第1の発明は、利用側熱交換器の流入流体温度を検出する利用側熱交換器入口流体温度検出手段と、熱源側熱交換器の流入流体温度を検出する熱源側熱交換器入口流体温度検出手段と、利用側熱交換器入口流体温度検出手段と熱源側熱交換器入口流体温度検出手段の少なくとも一方の検出値から目標膨張機構回転数を演算する目標膨張機構回転数演算手段と、膨張機構の回転数と目標膨張機構回転数の差が所定値以上であることを判定基準として冷媒不足を判定する冷媒不足判定手段とを設けたものであり、適正冷媒時に最適と予測される膨張機構の回転数と現状の膨張機構の回転数を比較し、その差が大きければ、冷媒不足の状態であると判定できるので、信頼性の低下を防止できる。
第2の発明は、利用側熱交換器の流入流体温度を検出する利用側熱交換器入口流体温度検出手段と、熱源側熱交換器の流入流体温度を検出する熱源側熱交換器入口流体温度検出手段と、利用側熱交換器入口流体温度検出手段と熱源側熱交換器入口流体温度検出手段の少なくとも一方の検出値から目標予減圧器開度を演算する目標予減圧器開度演算手段と、予減圧器の開度と目標予減圧器開度の差が所定値以上であることを判定基準として冷媒不足を判定する冷媒不足判定手段とを設けたものであり、適正冷媒時に最適と予測される予減圧器の開度と現状の予減圧器の開度を比較し、その差が大きければ、冷媒不足の状態であると判定できるので、信頼性の低下を防止できる。
第3の発明は、利用側熱交換器の流入流体温度を検出する利用側熱交換器入口流体温度検出手段と、熱源側熱交換器の流入流体温度を検出する熱源側熱交換器入口流体温度検出手段と、利用側熱交換器入口流体温度検出手段と熱源側熱交換器入口流体温度検出手段の少なくとも一方の検出値から目標バイパス弁開度を演算する目標バイパス弁開度演算手段と、バイパス弁の開度と目標バイパス弁開度の差が所定値以上であることを判定基準として冷媒不足を判定する冷媒不足判定手段とを設けたものであり、適正冷媒時に最適と予測されるバイパス弁の開度と現状のバイパス弁の開度を比較し、その差が大きければ、冷媒不足の状態であると判定できるので、信頼性の低下を防止できる。

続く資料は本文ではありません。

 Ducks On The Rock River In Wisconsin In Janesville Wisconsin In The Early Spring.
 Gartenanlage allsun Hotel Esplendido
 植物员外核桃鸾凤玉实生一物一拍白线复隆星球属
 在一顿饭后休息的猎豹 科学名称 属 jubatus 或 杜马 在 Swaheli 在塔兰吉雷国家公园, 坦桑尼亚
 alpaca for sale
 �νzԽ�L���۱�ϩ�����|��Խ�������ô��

第4の発明は、利用側熱交換器へ流入する流体の搬送量を検出する利用側流体搬送量検出手段と、利用側熱交換器出口流体温度の目標値を演算する利用側熱交換器出口流体目標温度演算手段と、利用側熱交換器出口流体温度を検出する利用側熱交換器出口流体温度検出手段と、目標値と利用側熱交換器出口流体温度検出手段の検出値との温度差を演算する利用側熱交換器出口流体温度差演算手段を設け、冷媒不足判定手段に循環量の検出値が所定値未満であってかつ温度差の演算値が所定値以上であることを第1から第3の発明のいずれかの判定基準に加えたものであり、利用側流体搬送手段の出力が最小値となっていることを判定できるために、誤って冷媒不足を判定するのを防止し、冷媒不足をより正確に検出することができ、信頼性の低下を防止できる。

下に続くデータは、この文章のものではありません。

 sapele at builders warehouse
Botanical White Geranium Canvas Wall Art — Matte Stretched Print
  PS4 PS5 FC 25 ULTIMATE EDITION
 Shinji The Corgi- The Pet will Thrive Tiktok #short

第5の発明は、冷凍サイクル装置の通電電流を検出する電流検出手段を設け、冷媒不足判定手段に通電電流の検出値が所定値未満であることを第1から第4の発明のいずれかの判定基準に加えたものであり、圧縮機構が低負荷で運転されていることを判定できるために、誤って冷媒不足を判定するのを防止し、冷媒不足をより正確に検出することができ、信頼性の低下を防止できる。

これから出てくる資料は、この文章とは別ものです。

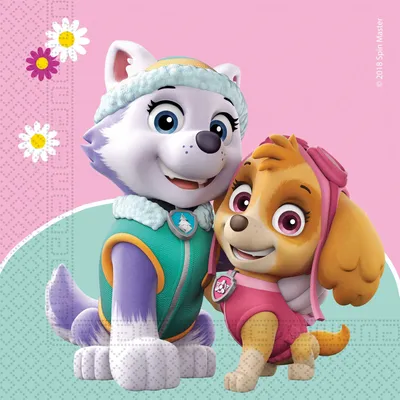 Tovaglia Paw Patrol 120x180 Cm - Per Feste Bambini, Materiale Sicuro - Foto 2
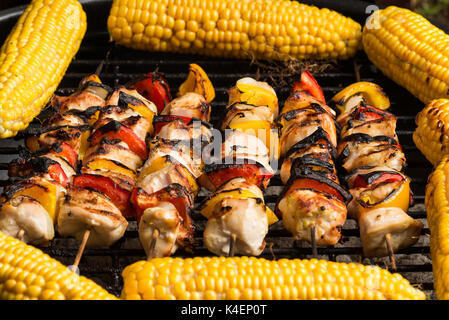 Grillen Huhn Fleischspieße mit Zwiebeln und Paprika von süßen Hühneraugen eingerahmt. Stockfoto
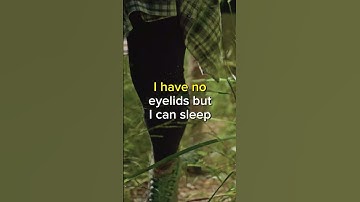 Can you solve this riddle? #17 #shorts  #riddleriddle #quiz #challenge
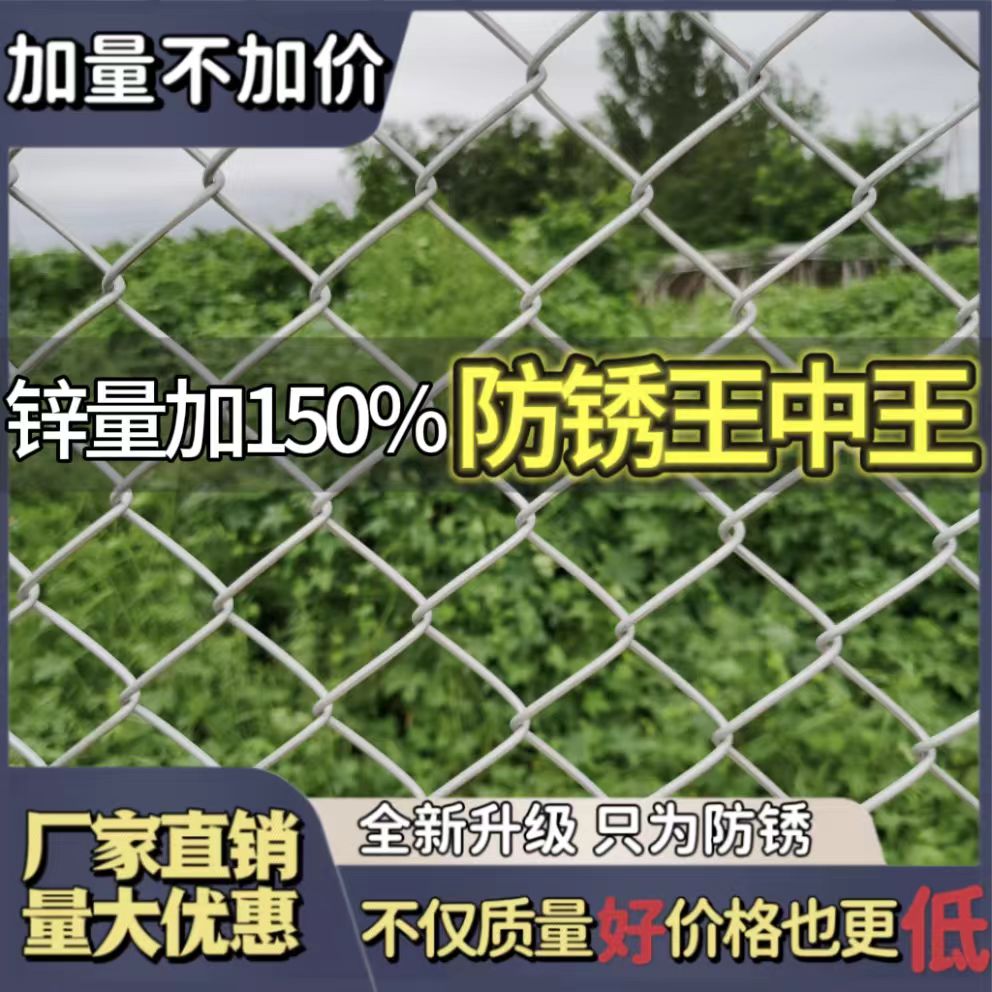 防锈镀锌铁丝网钢丝网户外围护栏网家用养殖牛羊拦鸡网菜园勾花网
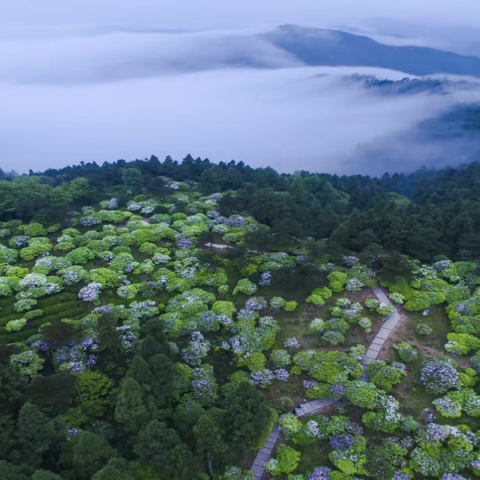 诗路天台┃《寄天台梵才上人》 北宋•梅尧臣
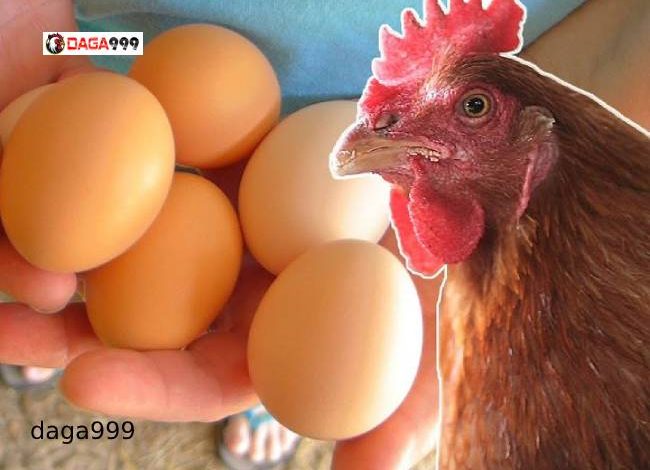 Ga nuôi bao lâu đẻ trứng?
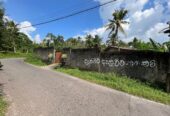 Land for Rent With Two Houses- Godagama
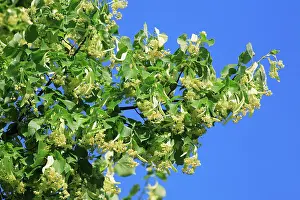 Limes: Lime Tree Blossom - in June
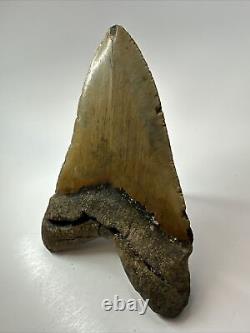 Megalodon Shark Tooth 5.84 Huge Authentic Fossil Amazing 17813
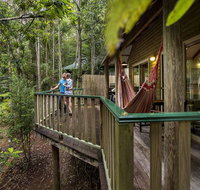 Narrows Escape Rainforest Retreat - Melbourne Tourism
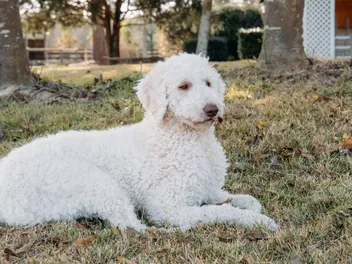 White Goldendoodle Dog Breed: Info, Pictures, Origin & More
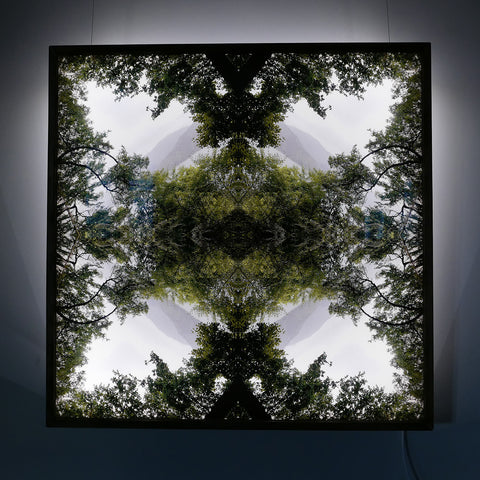 Native Lace - Lightbox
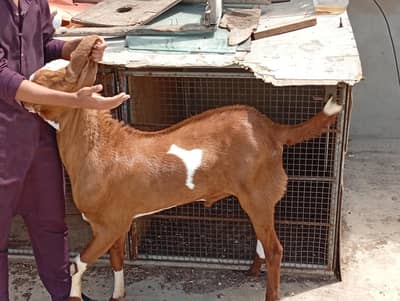 Andhu Bakra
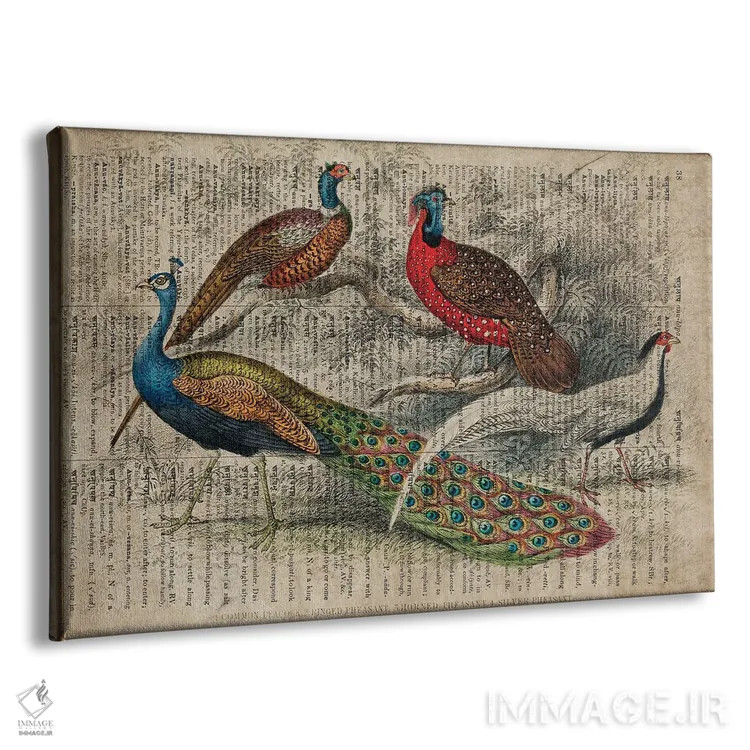 تابلو پرندگان الیور گلدسمیت اثر فیشرکرافت (استودیوی خلاقانه) - نمای پرسپکتیو محصول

第6の発明は、冷凍サイクル装置が除霜運転中か否かを判定する除霜運転判定手段を設け、冷媒不足判定手段に冷凍サイクル装置が除霜運転中でないことを第1から第5の発明のいずれかの判定基準に加えたものであり、除霜運転中に誤って冷媒不足を判定するのを防止し、冷媒不足をより正確に検出することができ、信頼性の低下を防止できる。
第7の発明は、利用側熱交換器と熱源側熱交換器の流入流体温度を検出し、利用側熱交換器の流入流体温度と熱源側熱交換器との流入流体温度の少なくとも一方から目標膨張機構回転数を演算し、膨張機構の回転数と目標膨張機構回転数の差が所定値以上であるときに、冷媒不足と判定するものであり、適正冷媒時に最適と予測される膨張機構の回転数と現状の膨張機構の回転数を比較し、その差が大きければ、冷媒不足の状態であると判定できるので、信頼性の低下を防止できる。
第8の発明は、利用側熱交換器と熱源側熱交換器の流入流体温度を検出し、利用側熱交換器の流入流体温度と熱源側熱交換器との流入流体温度の少なくとも一方から目標予減圧器開度を演算し、予減圧器の開度と目標予減圧器開度の差が所定値以上であるときに、冷媒不足と判定するものであり、適正冷媒時に最適と予測される予減圧器の開度と現状の予減圧器の開度を比較し、その差が大きければ、冷媒不足の状態であると判定できるので、信頼性の低下を防止できる。
第9の発明は、利用側熱交換器と熱源側熱交換器の流入流体温度を検出し、利用側熱交換器の流入流体温度と熱源側熱交換器との流入流体温度の少なくとも一方から目標バイパス弁開度を演算し、バイパス弁の開度と目標バイパス弁開度の差が所定値以上であるときに、冷媒不足と判定するものであり、適正冷媒時に最適と予測されるバイパス弁の開度と現状のバイパス弁の開度を比較し、その差が大きければ、冷媒不足の状態であると判定できるので、信頼性の低下を防止できる。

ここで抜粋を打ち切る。